DATA SHOWN:
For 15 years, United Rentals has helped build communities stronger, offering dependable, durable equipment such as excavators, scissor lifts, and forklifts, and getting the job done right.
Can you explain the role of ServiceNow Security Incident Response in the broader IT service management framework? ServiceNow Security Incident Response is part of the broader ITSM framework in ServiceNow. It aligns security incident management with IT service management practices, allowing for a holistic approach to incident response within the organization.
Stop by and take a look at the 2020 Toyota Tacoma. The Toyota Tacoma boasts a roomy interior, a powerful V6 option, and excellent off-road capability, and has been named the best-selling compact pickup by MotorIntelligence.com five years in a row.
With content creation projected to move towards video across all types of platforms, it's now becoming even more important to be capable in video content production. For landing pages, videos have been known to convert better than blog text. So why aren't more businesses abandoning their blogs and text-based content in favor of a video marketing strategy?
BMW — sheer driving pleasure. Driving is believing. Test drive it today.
--
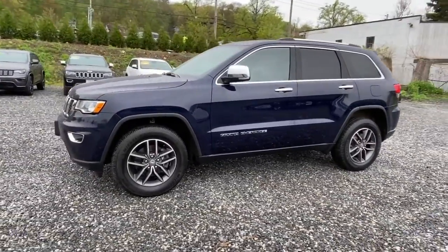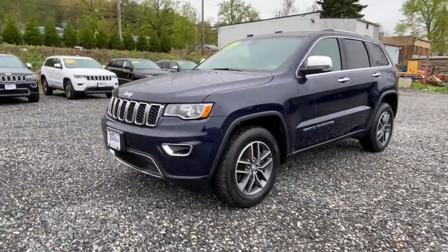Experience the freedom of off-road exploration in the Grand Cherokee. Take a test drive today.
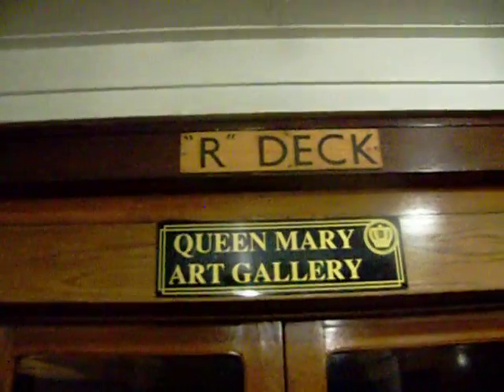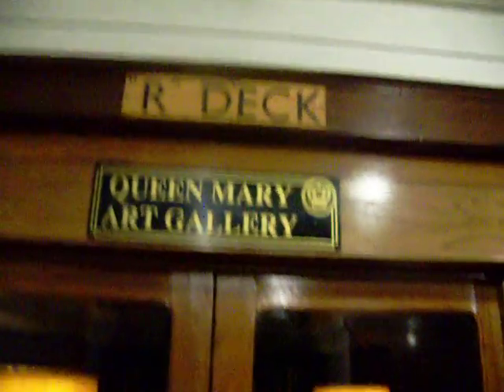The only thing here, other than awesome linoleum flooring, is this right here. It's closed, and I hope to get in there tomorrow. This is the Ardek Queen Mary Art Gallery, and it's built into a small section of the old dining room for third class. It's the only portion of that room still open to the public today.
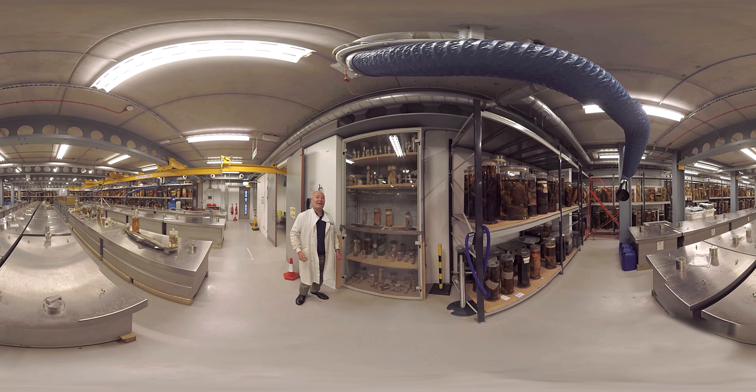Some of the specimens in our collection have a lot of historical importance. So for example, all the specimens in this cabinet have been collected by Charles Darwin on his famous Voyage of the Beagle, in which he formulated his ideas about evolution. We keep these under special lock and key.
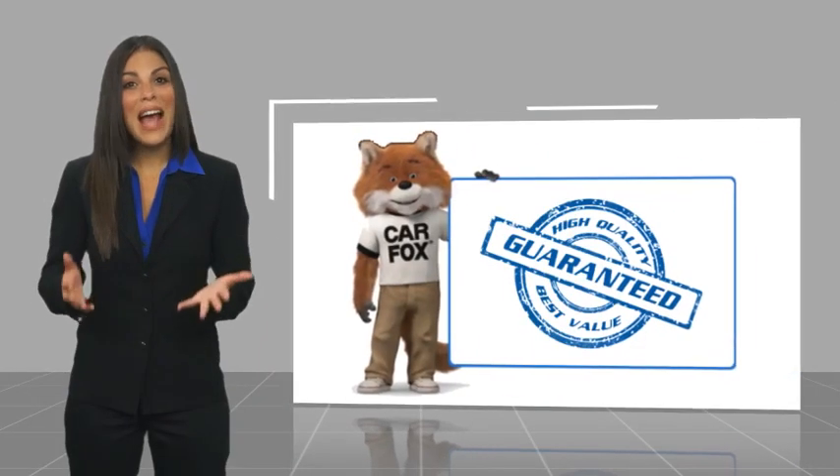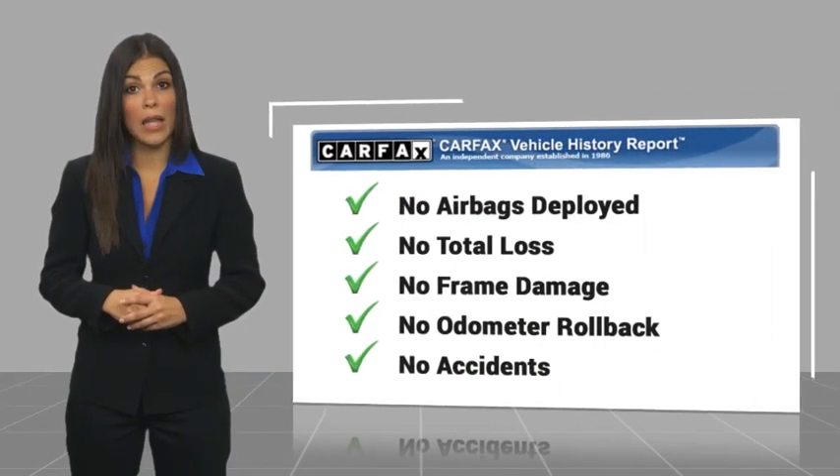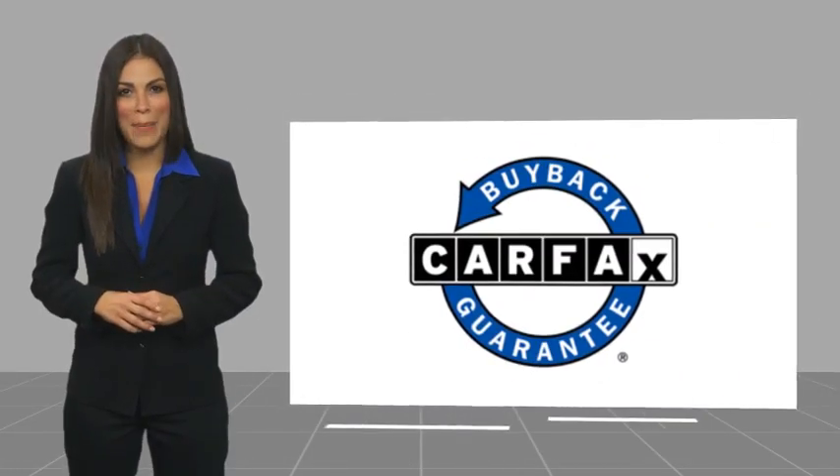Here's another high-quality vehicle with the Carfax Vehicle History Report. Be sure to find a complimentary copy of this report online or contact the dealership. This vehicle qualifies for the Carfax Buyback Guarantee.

WHAT IS REQUIRED:
In your answer, include only the lines above starting at the line that holds "Can you explain" and ending at the line that holds "BMW — sheer", copied exactly.

PROBLEM SOLUTION:
Can you explain the role of ServiceNow Security Incident Response in the broader IT service management framework? ServiceNow Security Incident Response is part of the broader ITSM framework in ServiceNow. It aligns security incident management with IT service management practices, allowing for a holistic approach to incident response within the organization.
Stop by and take a look at the 2020 Toyota Tacoma. The Toyota Tacoma boasts a roomy interior, a powerful V6 option, and excellent off-road capability, and has been named the best-selling compact pickup by MotorIntelligence.com five years in a row.
With content creation projected to move towards video across all types of platforms, it's now becoming even more important to be capable in video content production. For landing pages, videos have been known to convert better than blog text. So why aren't more businesses abandoning their blogs and text-based content in favor of a video marketing strategy?
BMW — sheer driving pleasure. Driving is believing. Test drive it today.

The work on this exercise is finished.